Writers' Common Mistakes – Part 1
"Great Story, Poor Prose"
I'm a freelance editor, and I discovered a long time ago that my clients shared, to varying extents, certain common mistakes. Let's begin with… well, the beginning.
ATTITUDE: "As long as I tell a good story or write an informative piece of non-fiction, I don't have to worry too much about the prose." Yikes! This attitude will get the door slammed in your face almost before you've even knocked. Believe me, no matter how clever your story or article, an editor/agent won't see it if you prove, in the first couple of paragraphs, that you don't know how to write. They'll have reached for the rejection slip long before discovering your… um… brilliance.
Okay, so now that we've agreed on that and your attitude is wonderful and positive, let us move on to the technical mistakes that drag down the prose of most writers. I'll address each of these subjects in detail in future posts, but for now, I'll summarize and, perhaps, point you in the right self-editing direction.
1) Poor Punctuation: This is as basic as it gets, yet nothing bedevils beginning writers (and some seasoned ones) quite like the rules of punctuation.
a) Commas, in particular, lie at the center of the dilemma.
i) When do you need one? When must you include a conjunction? When should you use a semicolon instead? When should you just use a period and start a new sentence?
b) Colons versus Semicolons
c) Colons versus Dashes
d) Dashes versus Ellipses
e) Periods versus Exclamation Points versus Question Marks
2) Passive Voice: I've already posted three entries on this subject, which I duplicated from another site because it's such a critical issue to writers.
a) Passive Voice sucks the life—the action—right out of a story. Things may happen, but nobody does anything.
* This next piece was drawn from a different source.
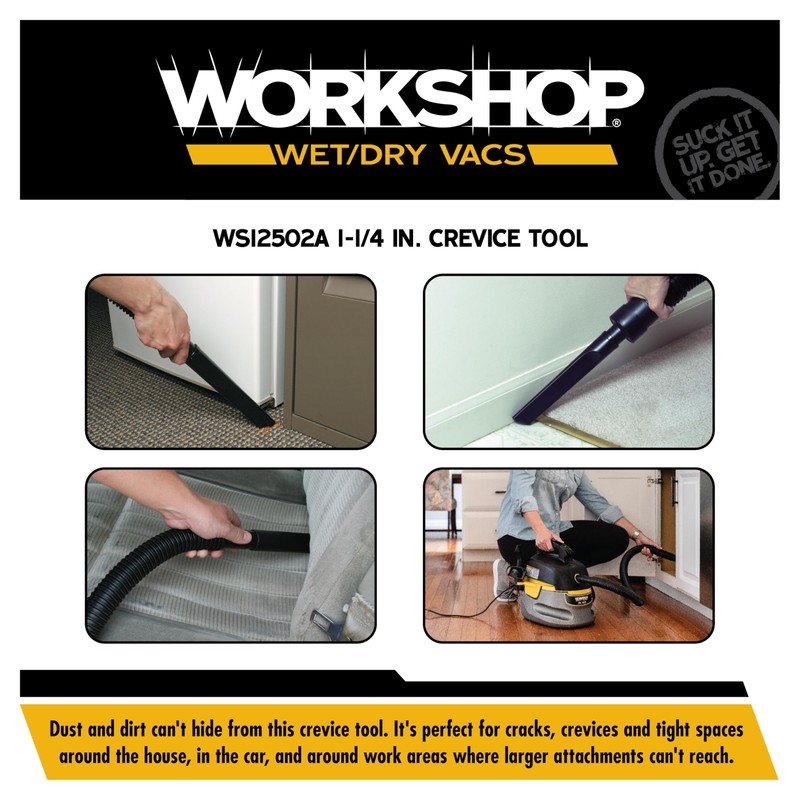WORKSHOP Wet/Dry Vacs Shop Vacuum Accessories WS12502A Crevice Tool Attachment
See those three posts for more.
3) Weak Knees: As the author, you are the authority, and the reader counts on you to provide strong and decisive prose.
a) Beware the deadly "state-of-being" verbs, for they generate no action; they just are.
i) Am, are, is, was, were, had been, etc.
b) Beware weak verb qualifiers that drain the life from the subsequent verb.
i) Starts to, seems to, could have, should have, might have, thought that, possibly, apparently, maybe, appeared to, found (as in found myself doing something), etc.
c) Beware weak verbs that suggest limited or dull action at best, that evoke no real image in the reader's mind, and that often arrive on the page buried under a slew of weak, nasty adverbs, or as preface to a bunch of adjectives.
i) Came, got, went, had, did, took, kept, made, etc.
d) Beware sensory verbs that steal from the reader a sensory experience, and give it instead to the character.
i) Hear/heard, see/saw, feel/felt, sounded, listened to, looked at, etc.
ii) This also falls under the heading: SHOW, DON'T TELL.
4) Wordiness: Writers fall into this trap for one of two reasons, in my opinion: laziness, inexperience.
a) You must not say in 20 complex or roundabout words what you can say in 12 simple, direct words.
b) If you want to elevate your prose, you must not confuse quantity for quality. Pith is not your enemy; it is your friend.
c) You must not say the same thing over and over, or say the same thing two or three different ways. Your reader is not an idiot. She'll get it the first time.
5) Flinging INGs: I refer to verbs (or verbal nouns) that end in "ing" as INGs, just to simplify matters, as they travel under many different names.
a) One of the worst habits writers develop is opening sentences with Infinite-Verb Phrases—INGs. In most cases, they should restructure the sentence to provide clearer Subject-Predicate logic.
b) Another nasty habit is the use of Present Participles—another form of ING—in a Past Tense narrative. Yes, you may use them from time to time, when the narrative calls for an ongoing action at that moment in the scene. However, most of the time, the action is complete (it's a Past Tense narrative, after all) and a Past Participle (verb ending in "ed") is more appropriate.
6) Adverbs: Most writers use excessive adverbs because they use weak, ineffective verbs to begin with, or because they somehow feel it necessary to cram the descriptive down the reader's throat. I agree with Stephen King, who said in his book, On Writing, "The road to Hell is paved with adverbs."
a) Use a stronger verb that stands alone and provides powerful imagery.
b) Consider using metaphor or simile to create an image in your reader's mind.
As I said earlier, I'll address these issues in greater detail in future posts. In the meantime, I hope this kick-starts your self-editing engine and forces you to stretch yourself a bit.
While you're waiting for my subsequent posts, you can get started on #3 above. Search your document for those weak verbs and create something that's more evocative, more action-centric.